Dataset entries:
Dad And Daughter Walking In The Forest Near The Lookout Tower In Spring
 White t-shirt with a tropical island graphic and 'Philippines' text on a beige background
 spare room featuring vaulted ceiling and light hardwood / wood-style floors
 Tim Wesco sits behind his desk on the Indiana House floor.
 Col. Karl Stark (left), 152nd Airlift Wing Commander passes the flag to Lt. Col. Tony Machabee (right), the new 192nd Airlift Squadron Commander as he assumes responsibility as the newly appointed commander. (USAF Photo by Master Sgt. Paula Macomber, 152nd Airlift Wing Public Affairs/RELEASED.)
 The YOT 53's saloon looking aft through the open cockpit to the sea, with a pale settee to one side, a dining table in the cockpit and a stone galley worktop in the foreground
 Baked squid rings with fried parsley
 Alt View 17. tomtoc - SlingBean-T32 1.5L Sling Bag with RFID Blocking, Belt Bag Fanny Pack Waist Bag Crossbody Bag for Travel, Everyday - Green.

TASK REQUIREMENTS:
List every line above that contains the word "with".

WORKED SOLUTION:
 White t-shirt with a tropical island graphic and 'Philippines' text on a beige background
 The YOT 53's saloon looking aft through the open cockpit to the sea, with a pale settee to one side, a dining table in the cockpit and a stone galley worktop in the foreground
 Baked squid rings with fried parsley
 Alt View 17. tomtoc - SlingBean-T32 1.5L Sling Bag with RFID Blocking, Belt Bag Fanny Pack Waist Bag Crossbody Bag for Travel, Everyday - Green.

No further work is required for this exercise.